Electric potential (V) is a property of the point in the field — it is the work done per unit positive test charge in bringing it from infinity to that point (V = W/q₀). Electric potential energy (U) is the energy of a specific charge q at that point: U = qV.
Q2: Why is electric field zero inside a conductor?
In electrostatic equilibrium, free electrons in the conductor redistribute until the net internal field is zero. Any excess charge resides entirely on the outer surface. This is why a Faraday cage shields interior from external electric fields.
Q3: What is polarization of a dielectric?
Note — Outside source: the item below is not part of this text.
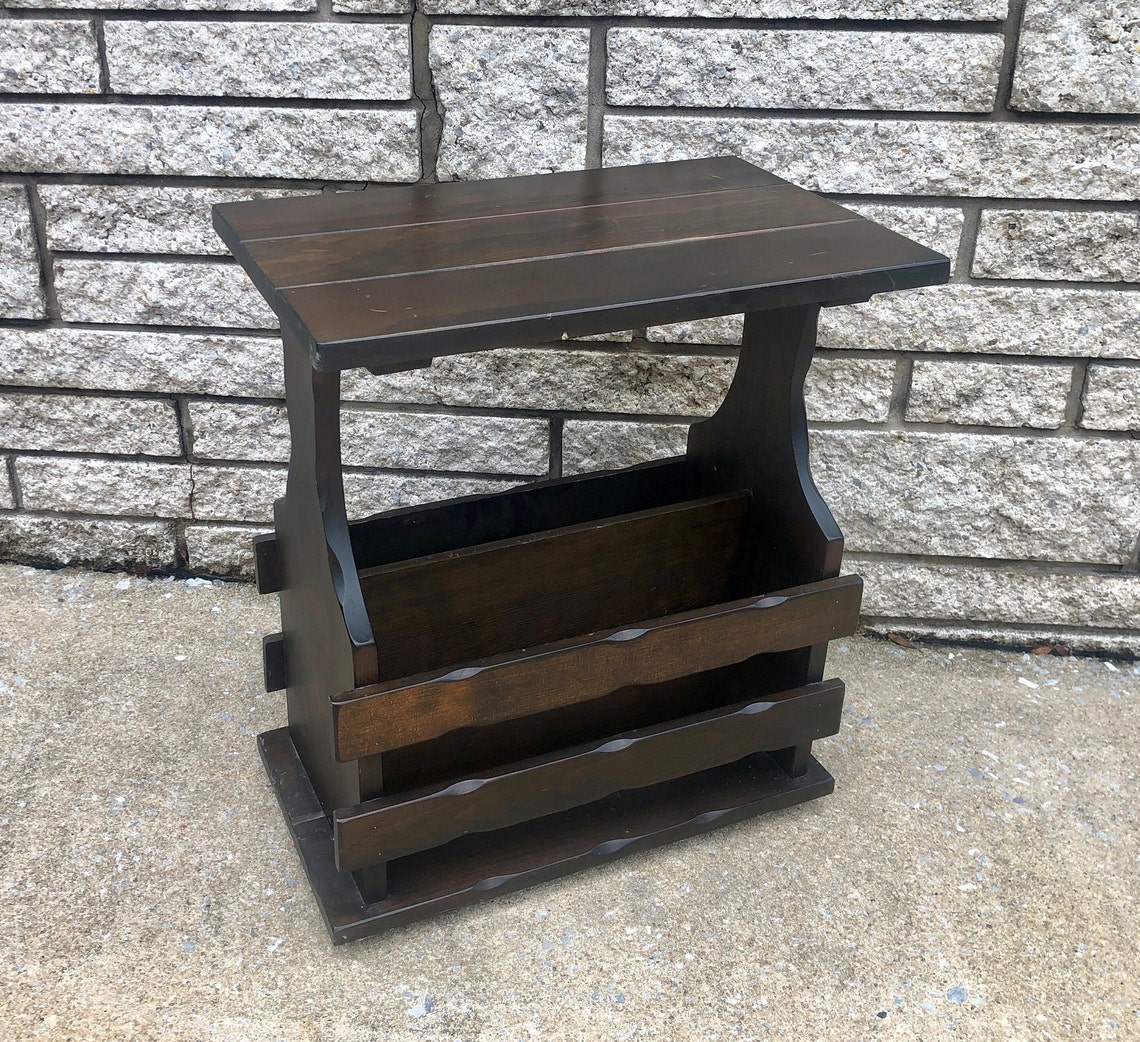 Vintage Side Table With Book Storage End Table Nightstand Etsy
When a dielectric is placed in an electric field, the bound charges within its atoms/molecules shift slightly — positive charges move in the field direction and negative charges opposite. This creates induced dipoles, reducing the net internal field. The dielectric constant K measures this reduction.
Q4: How does inserting a dielectric between capacitor plates affect energy stored?
If the capacitor is isolated (constant Q): inserting dielectric increases C, so U = Q²/2C decreases. If connected to a battery (constant V): inserting dielectric increases C, so U = ½CV² increases.
Q5: What is the principle of superposition in electrostatics?
The force on any charge due to a number of other charges is the vector sum of forces due to each individual charge. Electric fields from multiple sources also add vectorially. This is the basis for solving complex charge distribution problems.
Last Updated: April 2026